In the listing below, find the line containing "Zoom OUT 2x" and the line containing "Christmas Bookends Building", then copy exactly everything from the first through the second, except the pictures.

Provided records
○ ○ ○ ○ ○

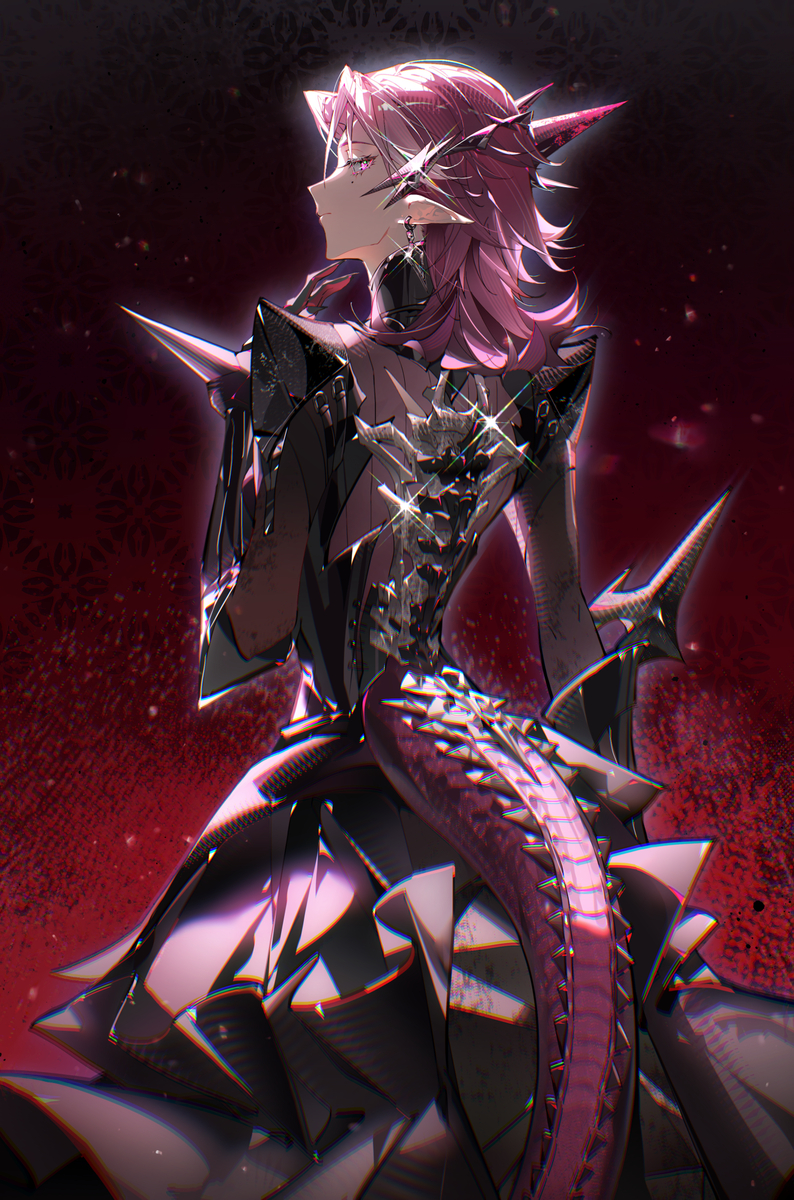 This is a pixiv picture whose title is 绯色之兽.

○ ○ ○ ○ ○

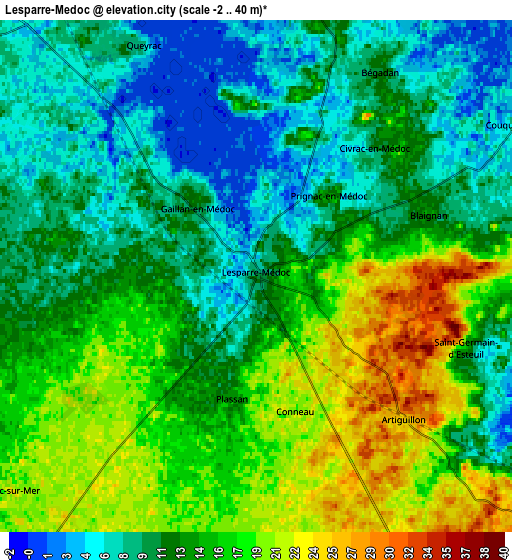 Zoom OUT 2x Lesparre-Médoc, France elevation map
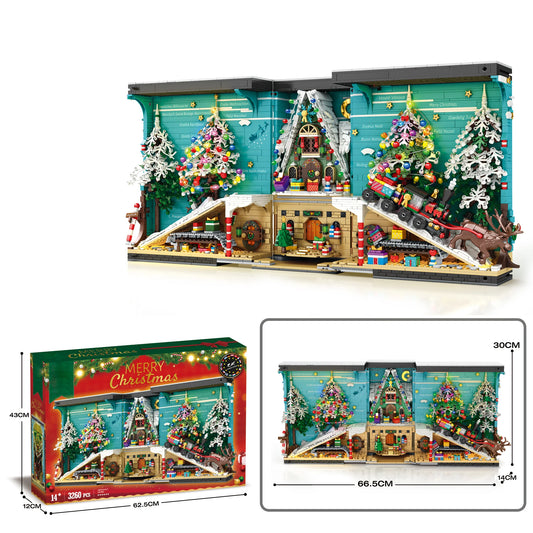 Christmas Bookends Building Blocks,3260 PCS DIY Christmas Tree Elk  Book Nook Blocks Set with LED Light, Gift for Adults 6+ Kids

○ ○ ○ ○ ○

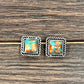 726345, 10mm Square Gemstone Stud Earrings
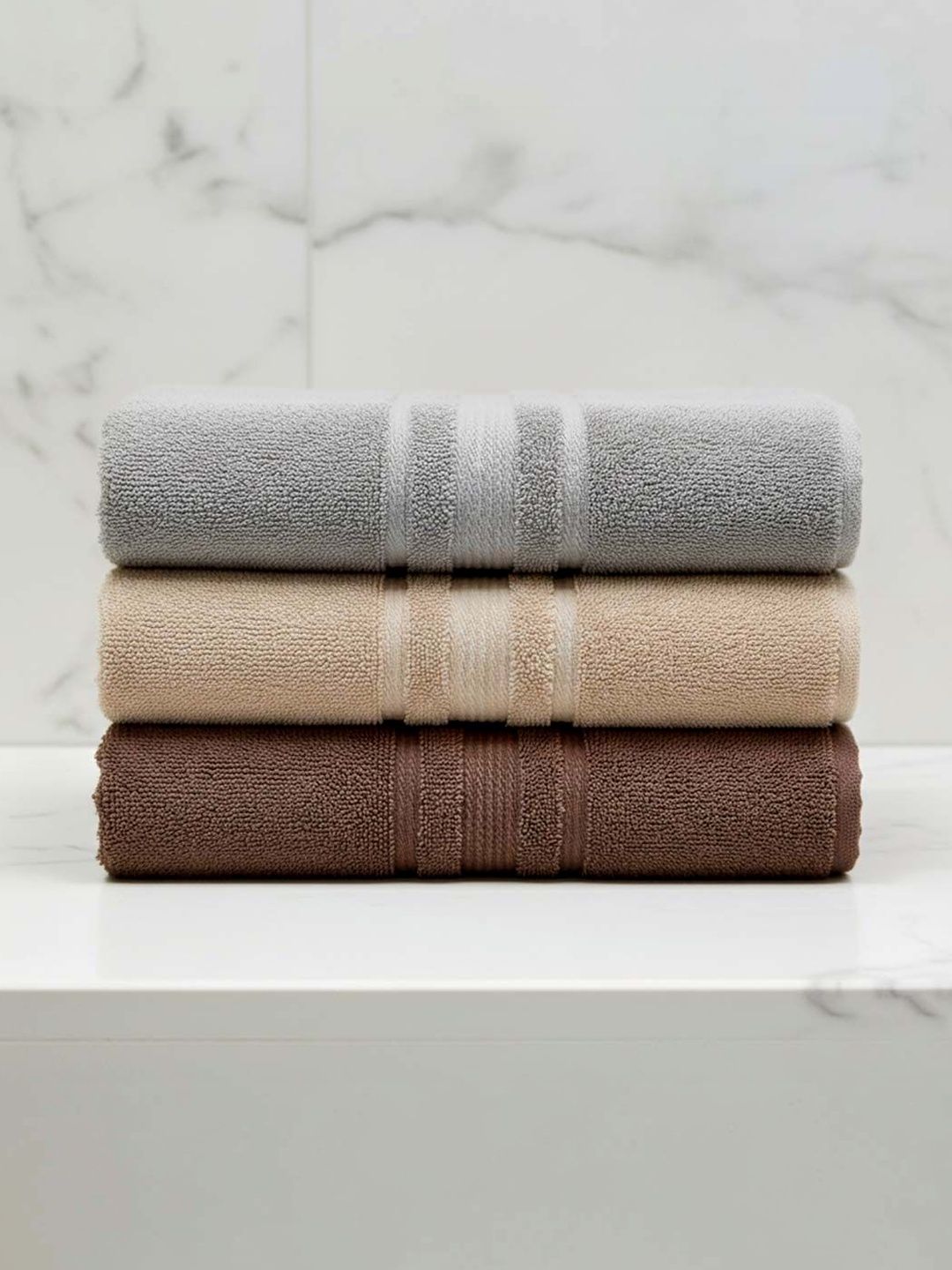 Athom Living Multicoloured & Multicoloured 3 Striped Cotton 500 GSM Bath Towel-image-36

○ ○ ○ ○ ○

Answer for this exercise
 Zoom OUT 2x Lesparre-Médoc, France elevation map
 Christmas Bookends Building Blocks,3260 PCS DIY Christmas Tree Elk  Book Nook Blocks Set with LED Light, Gift for Adults 6+ Kids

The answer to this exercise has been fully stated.